March 19, 2008 | General

Renewable Gas And California's New Feed-In Tariff

BioCycle March 2008, Vol. 49, No. 3, p. 56
Biogas production has boomed in Germany, in part due to a feed-in tariff that improves project economics. Recently, the California Energy Commission recommended a feed-in tariff for small generators under 1.5 megawatts in size.
Wilson Rickerson, Simon Eilif Baker and Michael Wheeler

IN THE January 2008 issue of BioCycle (“Farm-Based Digester Conference Highlights”), Phil Lusk stated that California is “exploring ‘feed-in tariffs’ similar to those received by European power producers who are paid a high fixed price for feeding renewable electricity into the grid.” The article’s implication is that European-style feed-in tariffs could provide the digester market in California a significant boost.
California has since gone public with the results of its “exploration,” and news that the state has put a “feed-in tariff” in place has caused a stir in energy industry circles during the past few weeks. But what exactly is a feed-in tariff? How does the European feed-in tariff model compare to what California has proposed? And what are the implications of the feed-in tariff for renewable gas in California? This article explores these questions through a review of how Germany and California have structured their respective policies.
Germany has made impressive strides in renewable energy development during the past decade. Starting with a relatively small amount of installed capacity in the 1990s, Germany is now the world’s largest market for wind and solar power. In 2000, Germany derived only 6.3 percent of its electricity from renewable energy sources.

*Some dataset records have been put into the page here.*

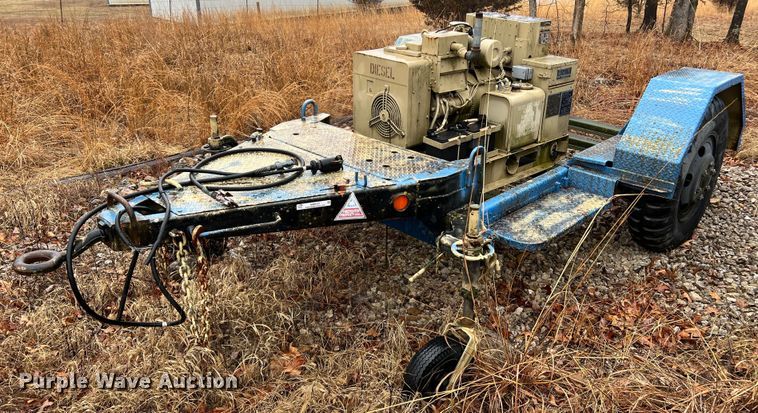 image for item MM9107 1984 Libby Corp MEP002A  generator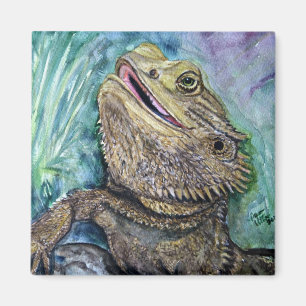Bartard Lizard Magnet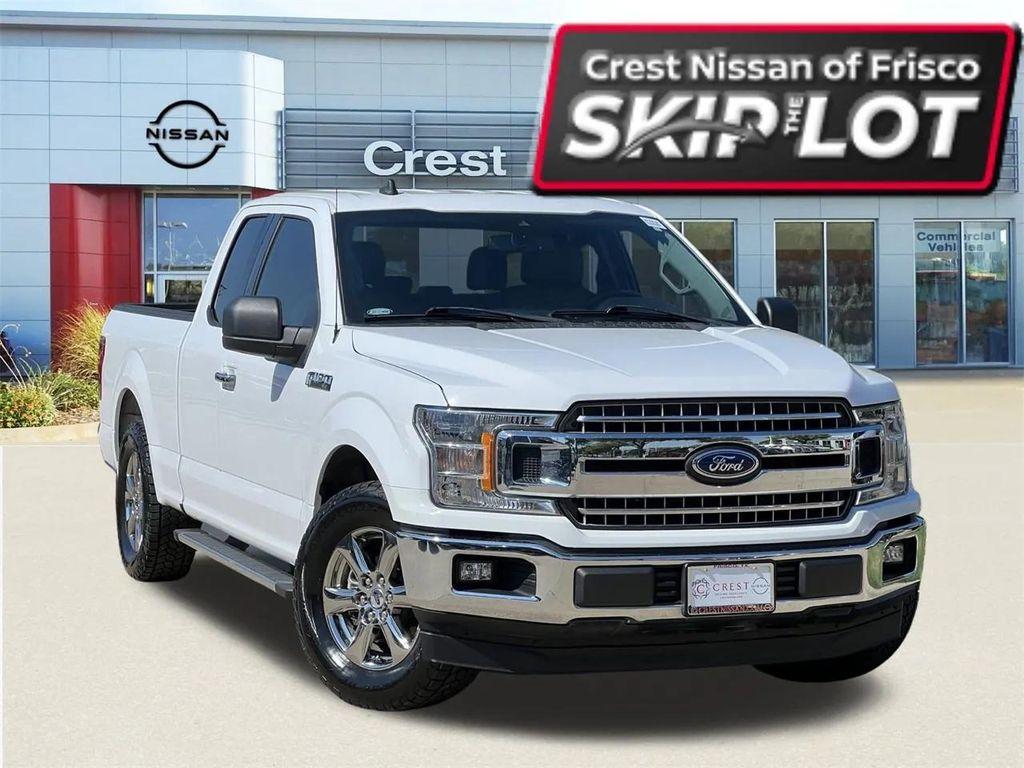 used 2020 Ford F-150 car, priced at $24,487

By 2006, that figure had doubled to 11.6 percent, and Germany satisfied its 2010 target of 12.5 percent at the end of 2007. The German government has since committed to increase its share of renewable electricity to 25 to 30 percent by 2020, and has stated that renewable energy growth will keep the country on track to continue decommissioning its fleet of nuclear plants.
The primary driver for renewable electricity in Germany has been the so-called “feed-in tariff” that has been in place since 2000. The tariff requires that utilities connect renewable energy generators to the grid, and establishes premium payments for renewable electricity. The payments are guaranteed for 20-years, and are set at levels designed to provide renewable energy investors with a reasonable profit. To encourage price reductions over time, the payment level that generators can lock into decreases by a certain percentage each year such that a generator who installs a plant in 2009 would receive a lower 20-year rate than a generator who installs a plant in 2008. The rate at which the payments decrease is examined every two years by the German government to determine whether the decline needs to be sped up or slowed down. The European Commission has concluded that the investor security and policy certainty created by the feed-in tariff model have made it the most effective, and economically efficient, renewable energy policy in the European Union.

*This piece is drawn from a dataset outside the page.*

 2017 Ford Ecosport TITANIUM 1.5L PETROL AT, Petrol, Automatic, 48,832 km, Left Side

In the U.S., state Renewable Portfolio Standards (RPS) and federal tax incentives have been the predominant policy mechanisms used to stimulate renewable energy investment. During the past two years, a number of states also have explored ways to “import” feed-in tariffs and emulate the German success with renewable energy. California has been at the forefront of this effort. In its 2007 Integrated Energy Policy Report, for example, the California Energy Commission (CEC) recommended that feed-in tariffs be adopted “in the immediate future” in order to meet the state’s proposed target of 33 percent renewable energy by 2020 – a goal similar in its ambition to Germany’s. While the CEC recommendation has yet to be implemented, the state recently introduced a more targeted feed-in tariff for small generators under 1.5 megawatts in size. Biogas, wastewater digester gas and landfill gas are eligible for funding under the California feed-in tariff.
Will the new policy create market growth comparable to Germany’s? The sections below review the German experience with renewable gas under its national feed-in tariff, and discuss the implications of California’s inaugural effort to craft feed-in tariff policy.
In the U.S., the intent of some renewable energy policies, like RPS, is to create competition between renewable technologies such as wind, landfill gas and solar. In Germany, each type of renewable technology is given a separate rate that allows it to be developed profitably. Wastewater digester gas systems, for example, receive a fixed price payment that varies by system capacity. The annual rate of decline for payments is 1.5 percent. A small system (i.e. 500 kW or under) that entered into service in 2004, would have locked into a fixed payment of $0.113/kWh for 20 years, whereas the same system would receive only $0.106/kWh if it were to come online in 2008 (Table 1). Wastewater digesters over 5 MW in size do not get a specific feed-in tariff and sell power at wholesale.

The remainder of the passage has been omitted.